A guerra dos Estados Unidos e de Israel contra o Irã completou um mês sem sinais de uma resolução. A semana começou com novos ataques aéreos sobre Israel e o Irã. Do lado iraniano, Teerã registrou apagões depois que foi atingida. Projéteis também foram avistados sobre Jerusalém e Cisjordânia. Enquanto a guerra continua, o presidente Donald Trump seguiu com os discursos ambíguos: no final de semana voltou a alegar que as negociações com o Irã estariam avançando e que os novos líderes seriam mais razoáveis.
Ao mesmo tempo, continuou com ameaças de tomar o petróleo do Irã e de se apoderar da ilha de Kharg, responsável por 90% das exportações do produto pelo país persa.
Nesta segunda-feira (30), no entanto, o porta-voz do Ministério de Relações Exteriores iraniano, Esmaeil Baghaei, negou qualquer negociação e classificou as exigências americanas como irrealistas e excessivas. Na TV estatal do Irã, o governo confirmou a morte do comandante da Marinha da Guarda Revolucionária, Alireza Tangsiri, em um ataque israelense na semana passada.
No fronte da guerra, a refinaria de Haifa, no norte de Israel, voltou a ser atingida hoje. Não há confirmação se o ataque partiu do Irã ou do Hezbollah, no Líbano. Segundo o governo israelense, apesar do fogo, a produção de combustível não foi afetada.

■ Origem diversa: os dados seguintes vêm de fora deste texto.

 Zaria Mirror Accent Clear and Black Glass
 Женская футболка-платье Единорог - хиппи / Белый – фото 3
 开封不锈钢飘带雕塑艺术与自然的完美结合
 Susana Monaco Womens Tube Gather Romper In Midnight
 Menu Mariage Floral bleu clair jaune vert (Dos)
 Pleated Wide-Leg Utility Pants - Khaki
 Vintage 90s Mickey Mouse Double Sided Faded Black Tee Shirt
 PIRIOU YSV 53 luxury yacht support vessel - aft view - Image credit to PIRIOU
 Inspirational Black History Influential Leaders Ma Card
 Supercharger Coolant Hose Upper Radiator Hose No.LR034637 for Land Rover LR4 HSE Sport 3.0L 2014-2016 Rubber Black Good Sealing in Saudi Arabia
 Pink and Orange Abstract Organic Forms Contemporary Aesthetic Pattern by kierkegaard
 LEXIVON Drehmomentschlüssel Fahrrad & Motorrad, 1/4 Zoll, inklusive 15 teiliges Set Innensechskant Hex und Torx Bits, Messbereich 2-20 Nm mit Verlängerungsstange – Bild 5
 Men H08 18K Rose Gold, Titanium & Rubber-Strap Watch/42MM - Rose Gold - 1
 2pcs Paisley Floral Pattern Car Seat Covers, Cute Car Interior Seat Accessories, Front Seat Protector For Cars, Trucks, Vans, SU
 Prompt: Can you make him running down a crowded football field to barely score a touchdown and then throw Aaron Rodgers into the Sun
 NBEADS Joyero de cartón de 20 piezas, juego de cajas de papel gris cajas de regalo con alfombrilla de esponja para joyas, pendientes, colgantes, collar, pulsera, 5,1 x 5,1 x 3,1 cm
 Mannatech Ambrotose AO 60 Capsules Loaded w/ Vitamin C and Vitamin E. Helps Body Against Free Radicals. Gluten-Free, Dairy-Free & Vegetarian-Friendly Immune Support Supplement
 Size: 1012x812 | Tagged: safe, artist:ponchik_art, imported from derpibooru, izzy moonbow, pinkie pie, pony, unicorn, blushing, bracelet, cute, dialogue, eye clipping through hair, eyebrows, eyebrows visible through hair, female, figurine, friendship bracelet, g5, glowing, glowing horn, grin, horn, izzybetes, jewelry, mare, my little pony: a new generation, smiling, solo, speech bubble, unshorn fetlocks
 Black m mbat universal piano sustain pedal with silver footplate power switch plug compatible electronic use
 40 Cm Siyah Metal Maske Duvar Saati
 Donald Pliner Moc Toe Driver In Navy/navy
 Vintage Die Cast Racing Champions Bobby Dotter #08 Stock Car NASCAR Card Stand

No final de semana, Israel ampliou as operações de ocupação no sul do Líbano, sob a justificativa de impedir o lançamento de foguetes do Hezbollah. A capital Beirute foi alvo de ataques. O Ministério da Saúde do Líbano informa que as operações israelenses já deixaram mais de 1.200 mortos. Milhares estão refugiados, incluindo idosos e crianças.
Nos Estados Unidos, quase um milhão de pessoas, contrárias à guerra, foram às ruas no domingo em 3.100 manifestações do No Kings (Não há reis), em cidades como Nova York, Los Angeles e a capital Washington. Foi o maior protesto de rua em um único dia já registrado.
Na Europa, o chanceler alemão, Friedrich Merz, alertou que, depois de um mês, a guerra contra o Irã aumentou os preços da energia para as famílias e pode ter um impacto econômico semelhante à pandemia da Covid-19. Hoje, o preço do barril de petróleo tipo brent operou em alta, perto de R$ 110 dólares.